As we are all aware of, power of amending resides mainly in the Parliament which may make amendments in accordance to Articles 2(b), 159 and 161 e with two-thirds of majority from the members of Parliament, may amend the rights of States at will, except in the two cases of territorial changes to the boundaries of States under Article 2(b) and the sights of Saba and Karakas in which requires consent of States in the amending process. In matters pertaining to International treaties may also be useful in this digression.
Subject to Article 76(I)(a), Parliament may make laws with respect to any matter listed in State List for the sole purpose of exercising treaties with foreign nations, or any international organization’s decision. But in compliance with Article 76(2), if ever it affects the Islamic law or racial customs or native laws in Saba and Karakas, then there is a duty to consult with the States concerned. One of the most vital ace that was used as means Of digression in this matter is on the subject of Fiscal matters; or financial grounds of the nation. Majority of taxes be it direct or indirect belongs to the Centre (Federal government).

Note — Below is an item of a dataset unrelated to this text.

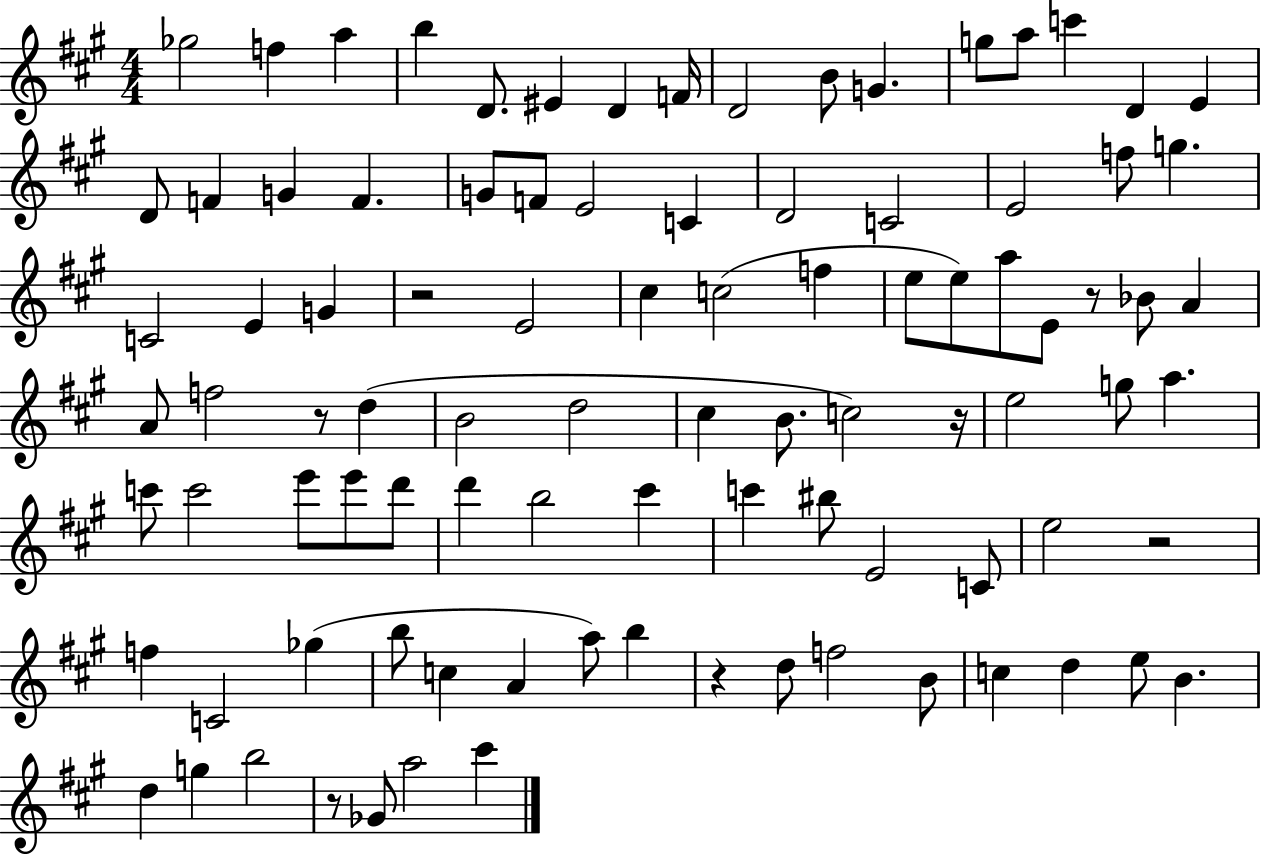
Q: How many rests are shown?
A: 7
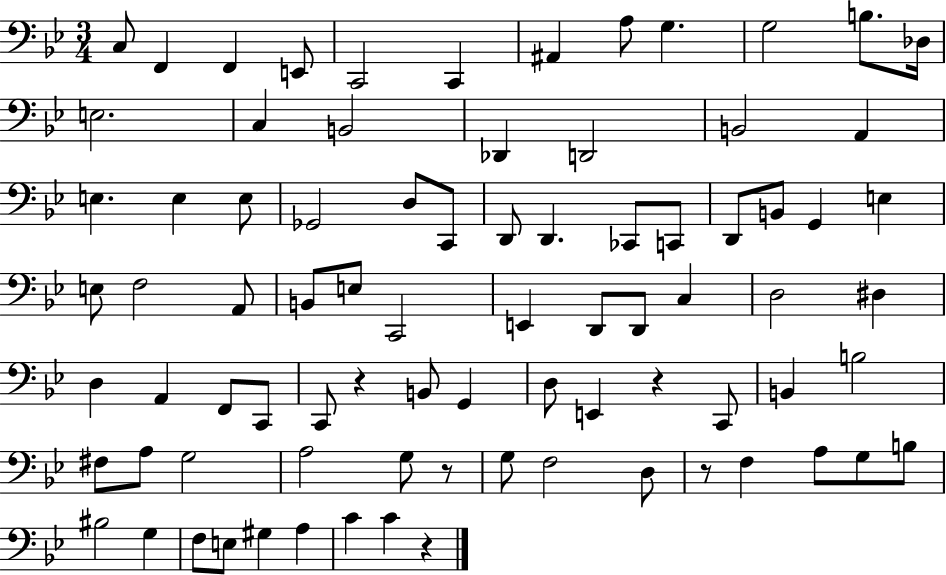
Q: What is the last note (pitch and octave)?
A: C4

Nevertheless, in Article 109 and Article 1 10, Constitution guarantees money compensations to states in form of Capitation Grants and State Road Grants. States are also eligible to be funded from other revenues such as sources from land, mines, Katz, and fitter. Sometimes, these funds seem to be of insufficient and further allocations of conditional grants will be made. However, it is deem notable that states under opposition parties may have a difficult time in getting approval of these funds for the running of their programmer. Funds that are collected by the Central reflects on a federation with high degree of tax concentration.
There will also be the occurrence Of “fiscal gap” which deals on the far contrasts of both the states’ domestic revenue and their expenditure. They also subject to another alternative of fiscal control whereby they do not allow state to raise or borrow money except from the federation itself or a federally-approved bank such as the case in Article 11 1 (2) & (3). It is also worth the attention to note that federal prevalence in functions and resources is less prominent in the states of Saba and Karakas. In the contents of the Constitution itself too, it had already been devised a plan on overriding state laws such as in Article 75.

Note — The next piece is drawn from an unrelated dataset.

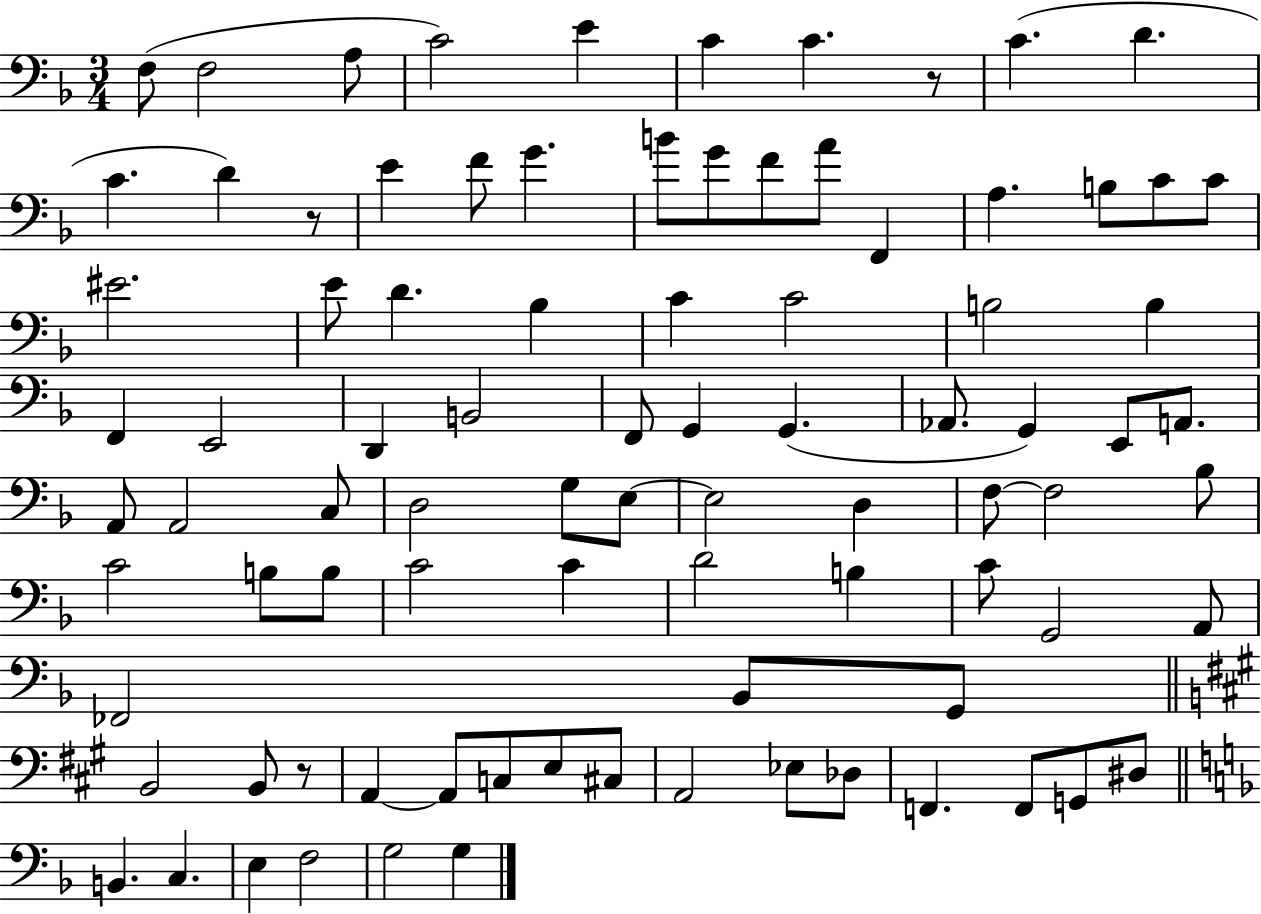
F3/e F3/h A3/e C4/h E4/q C4/q C4/q. R/e C4/q. D4/q. C4/q. D4/q R/e E4/q F4/e G4/q. B4/e G4/e F4/e A4/e F2/q A3/q. B3/e C4/e C4/e EIS4/h. E4/e D4/q. Bb3/q C4/q C4/h B3/h B3/q F2/q E2/h D2/q B2/h F2/e G2/q G2/q. Ab2/e. G2/q E2/e A2/e. A2/e A2/h C3/e D3/h G3/e E3/e E3/h D3/q F3/e F3/h Bb3/e C4/h B3/e B3/e C4/h C4/q D4/h B3/q C4/e G2/h A2/e FES2/h Bb2/e G2/e B2/h B2/e R/e A2/q A2/e C3/e E3/e C#3/e A2/h Eb3/e Db3/e F2/q. F2/e G2/e D#3/e B2/q. C3/q. E3/q F3/h G3/h G3/q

Article 75 states, “If any state law is inconsistent with a Federal Law, the federal law shall prevail and the state law shall, to the extent of inconsistency, be void”. This Article is probably meant to be applicable only to matters dealing with the Concurrent List or to land and local government as stated in Article 76(4). However, scholarly opinions suggested that the implications on Article 75 states that if ever there shall be a conflict between the Federal and State government, the federal law ought to prevail.

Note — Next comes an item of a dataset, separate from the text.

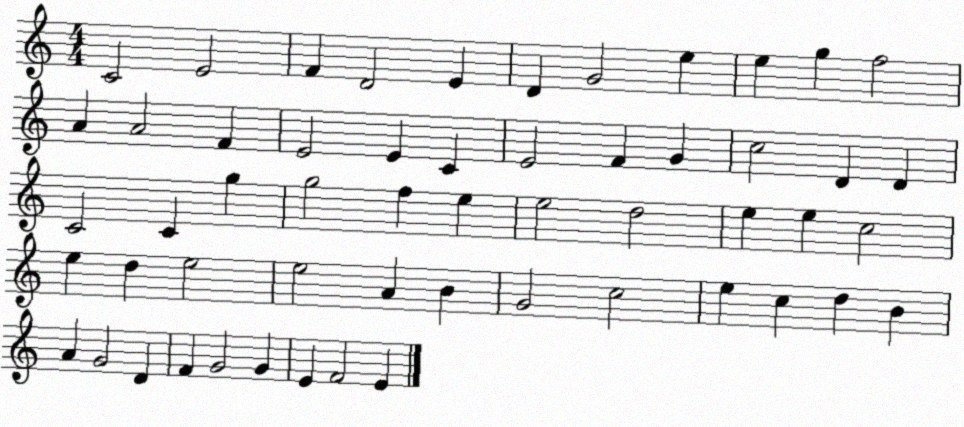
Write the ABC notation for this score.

Conclusion In regards to the observation and analyses brought out, it may be observed that despite establishing a strong, but most definitely not true but quasi- Federal government, the authority of the Constitution provides central government with branches of alternatives in state matters. Allocations of financial powers though were tilted in favor mostly on the central government; state revenues were also somewhat not neglected. We may also be able to recognize the power of Malaysia’s federal government in sense of their centralization of power residence.